■ Supplied data ■
>>>
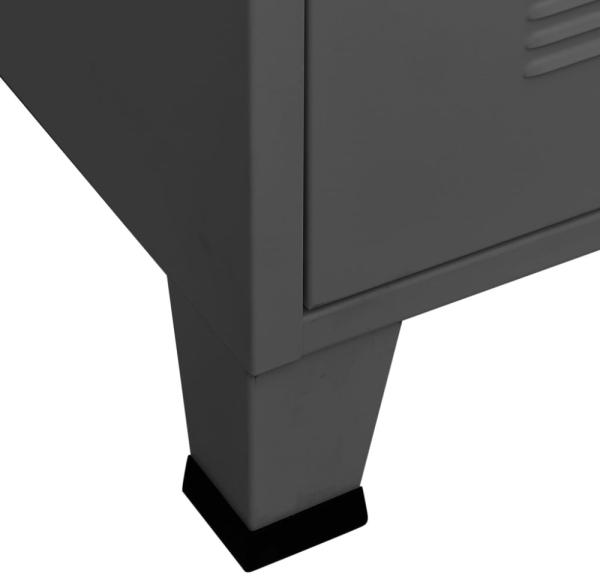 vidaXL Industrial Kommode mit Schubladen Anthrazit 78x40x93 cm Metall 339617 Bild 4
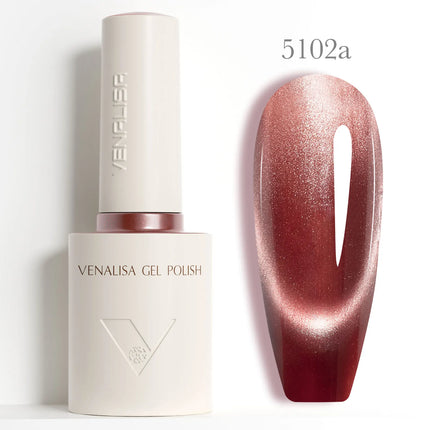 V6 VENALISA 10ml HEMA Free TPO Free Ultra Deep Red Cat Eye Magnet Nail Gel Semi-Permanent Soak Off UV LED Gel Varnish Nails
<<<
>>>
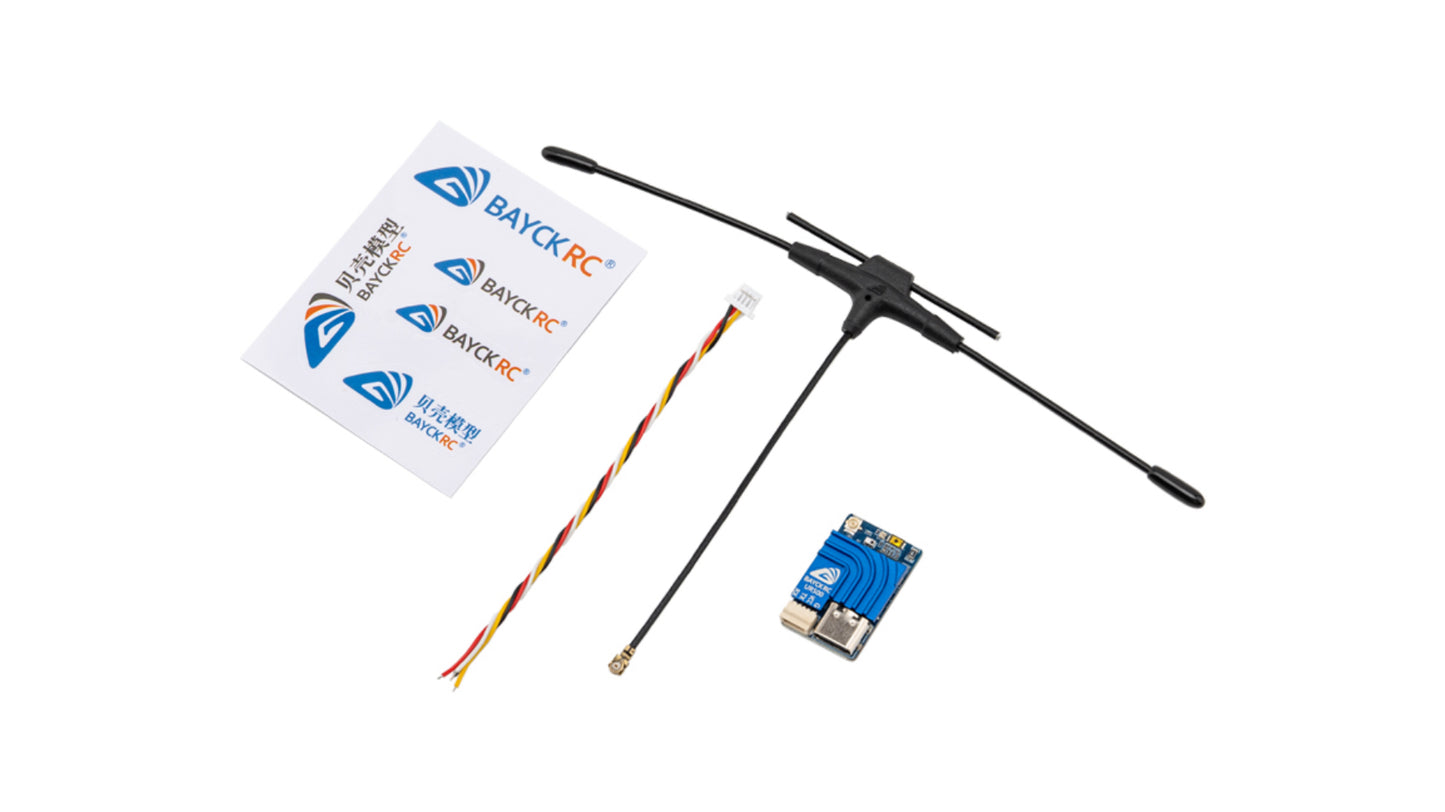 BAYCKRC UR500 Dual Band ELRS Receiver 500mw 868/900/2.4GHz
<<<
■ About this exercise ■
With pictures omitted, repeat the entries above word for word from the line holding "vidaXL Industrial Kommode" down to the line holding "V6 VENALISA 10ml", keeping both of those lines.

■ Response area ■
 vidaXL Industrial Kommode mit Schubladen Anthrazit 78x40x93 cm Metall 339617 Bild 4
 V6 VENALISA 10ml HEMA Free TPO Free Ultra Deep Red Cat Eye Magnet Nail Gel Semi-Permanent Soak Off UV LED Gel Varnish Nails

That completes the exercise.